• _WORK INSTRUCTION_
Please return, exactly and only, the lines beginning at the top of the entries below and ending with the line containing "No, Estados Unidos"; keep out the pictures.

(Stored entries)
::::

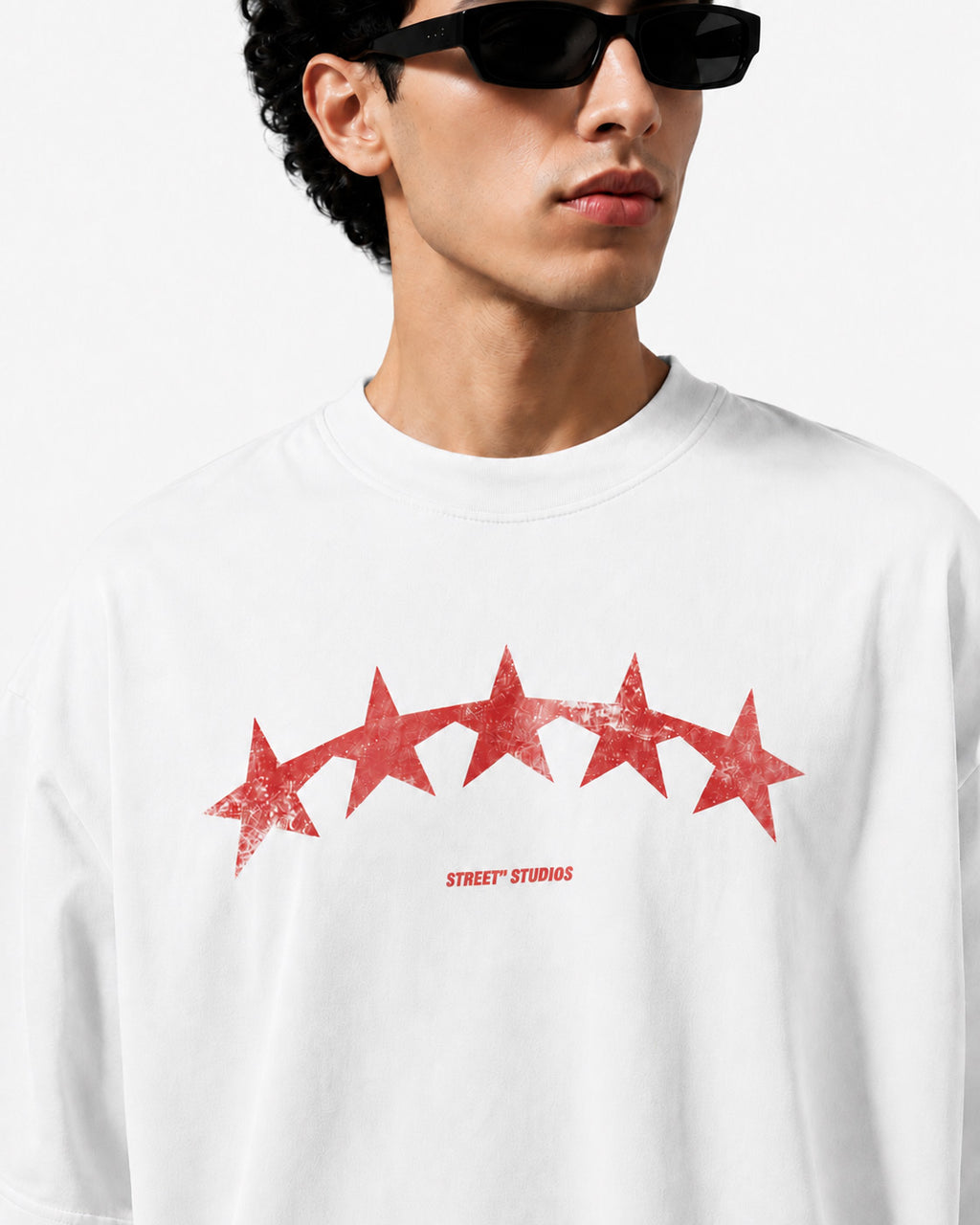 All Stars Oversized Tee White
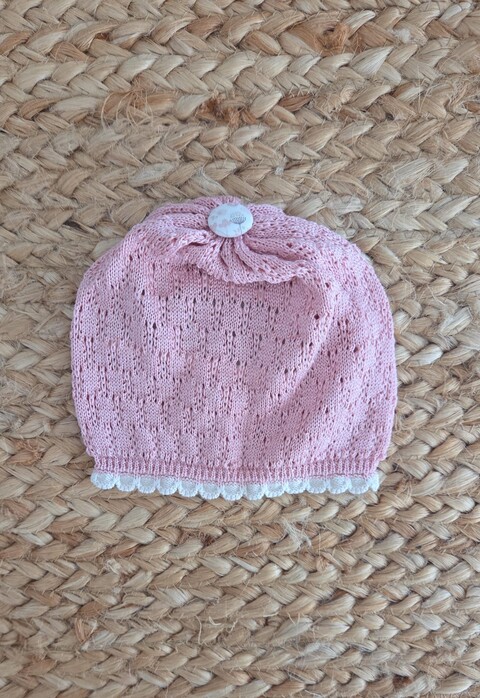 Cappellino in filo di puro cotone Tulipano / Natural Bio taglia unica Marlù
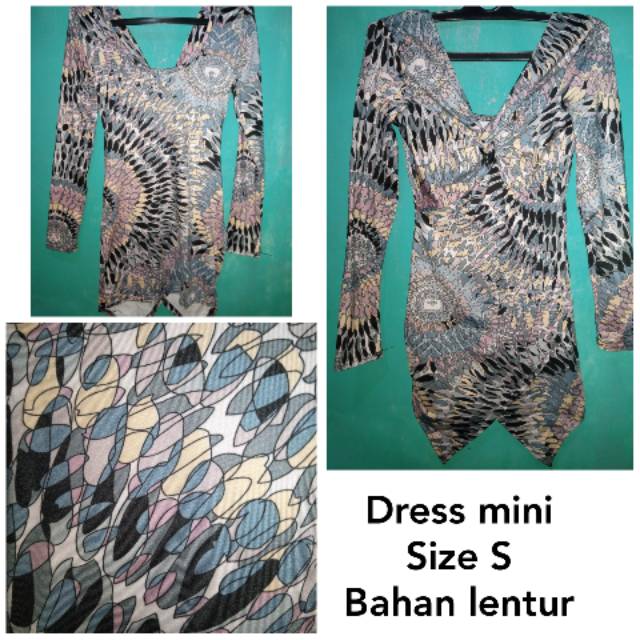 Dress mini motif size S preloved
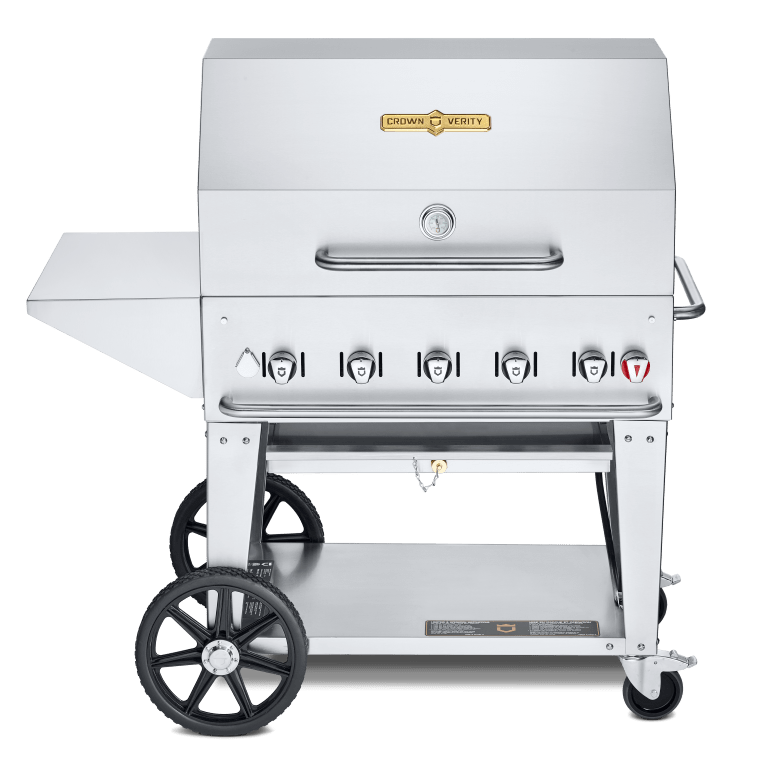 Crown Verity Canada Outdoor Cooking Equipment Each Crown Verity CV-MCB-36PKG 36″ Natural Gas Mobile Outdoor Grill | Denson CFE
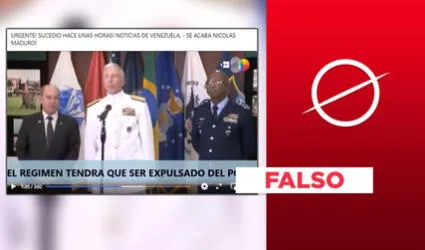 No, Estados Unidos no ha confirmado una “intervención militar” contra el régimen de Nicolás Maduro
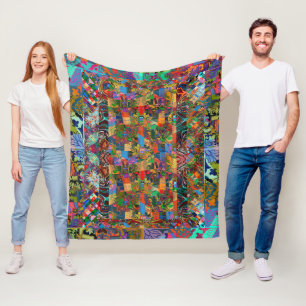 Couverture Polaire art populaire portugais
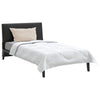 All-season Duvet with Pillow White 155 x 200 cm Microfibre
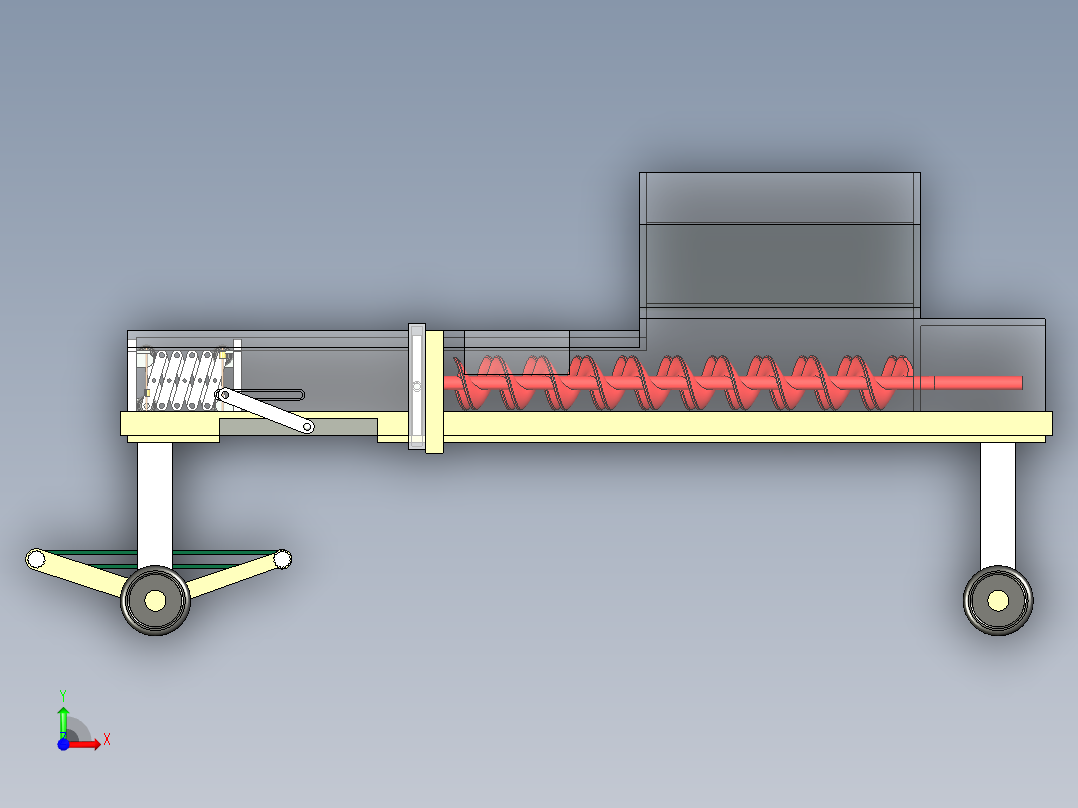 B3003238-联合收割机前视图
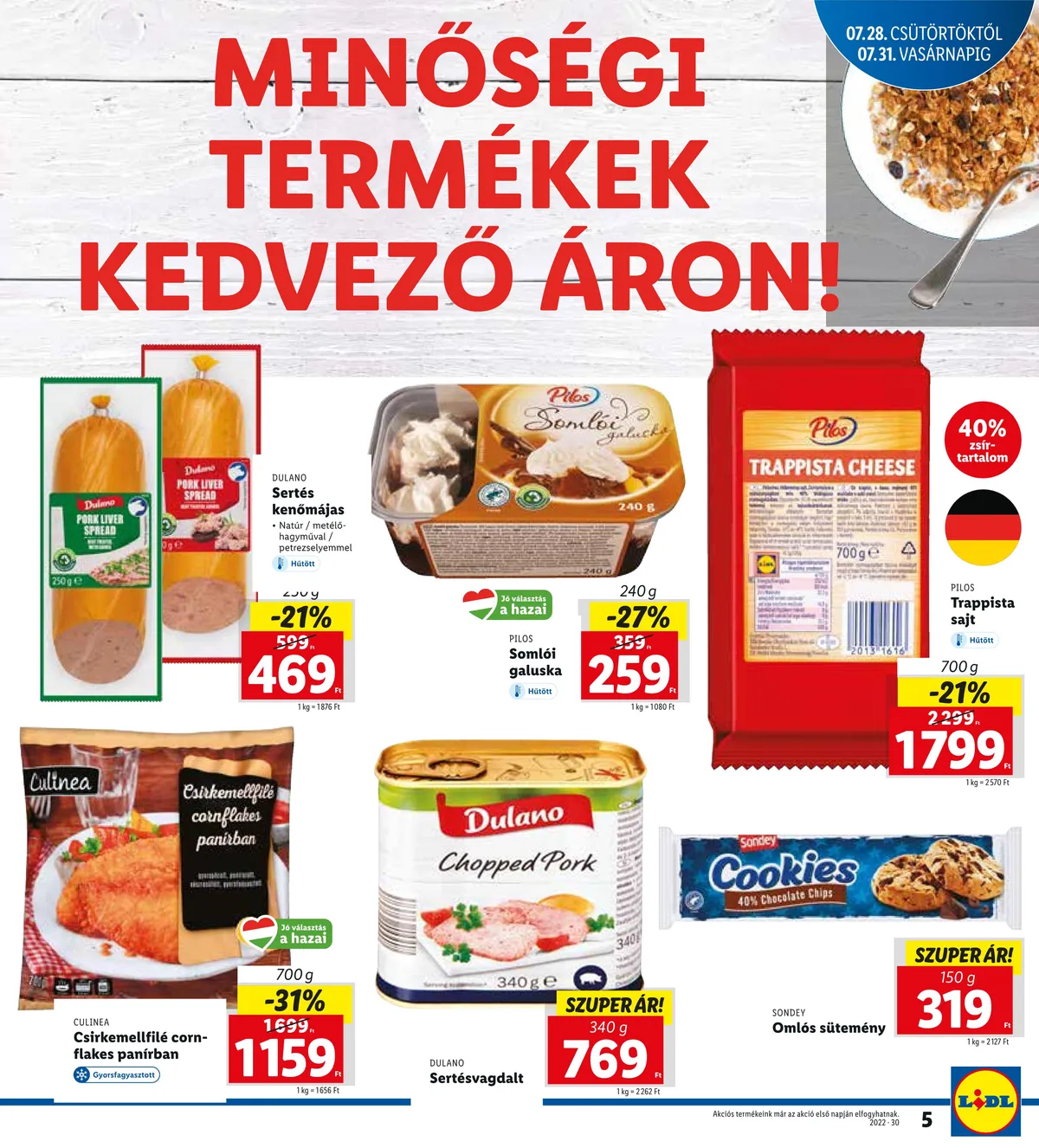 Lidl akciós újság Nagykoros 07.28–07.31 – 5. oldal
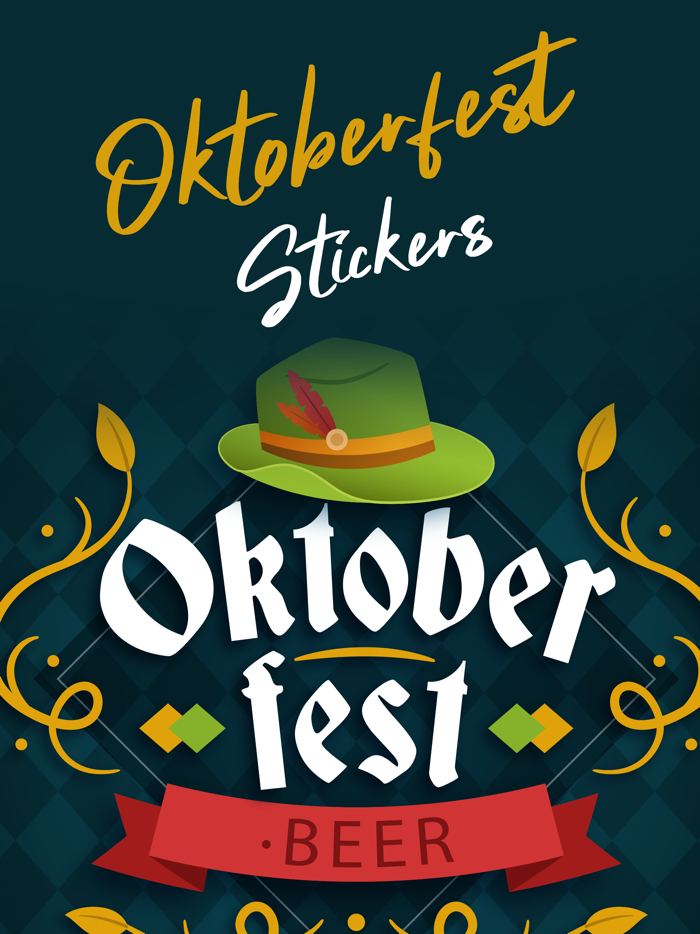 Oktoberfest Festival Stickers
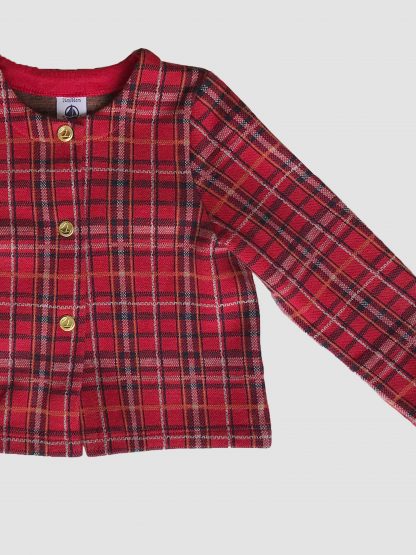 Tartan Cardigan by Petit Bateau - Image 2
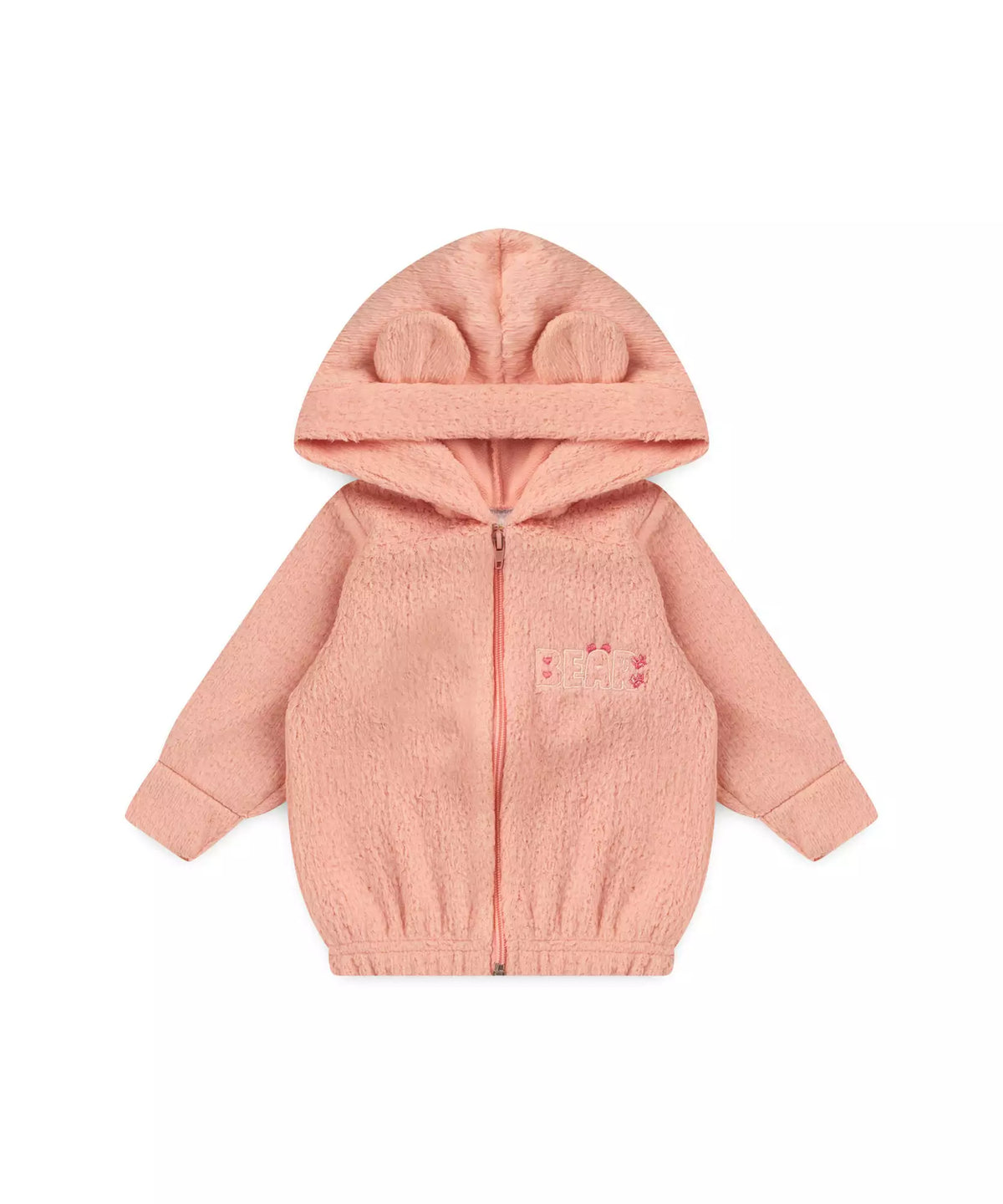 Jaqueta de Inverno para Bebê Menina Peluciada Rosa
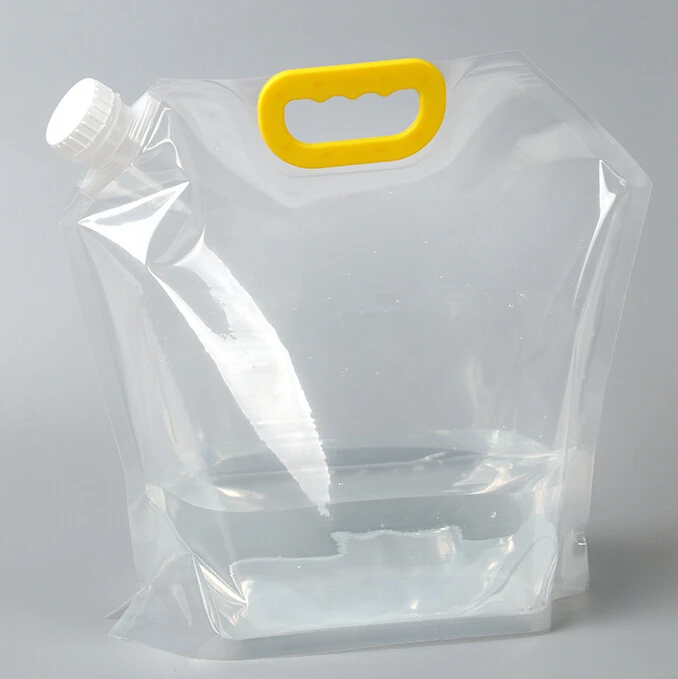 outdoor portable plastic transparent 5l foldable water bottle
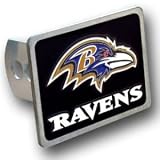 Baltimore Ravens Trailer Hitch Cover Hand Painted With 3-D Carved Logo Hardware Included
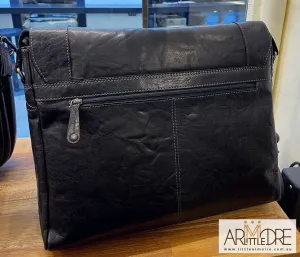 LA2037 Men's Leather Satchel Laptop Bag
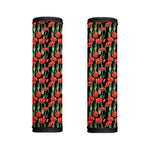 Red Watercolor Tulip Pattern Print Handle Covers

::::

• _REPLY TO THE EXERCISE_
 All Stars Oversized Tee White
 Cappellino in filo di puro cotone Tulipano / Natural Bio taglia unica Marlù
 Dress mini motif size S preloved
 Crown Verity Canada Outdoor Cooking Equipment Each Crown Verity CV-MCB-36PKG 36″ Natural Gas Mobile Outdoor Grill | Denson CFE
 No, Estados Unidos no ha confirmado una “intervención militar” contra el régimen de Nicolás Maduro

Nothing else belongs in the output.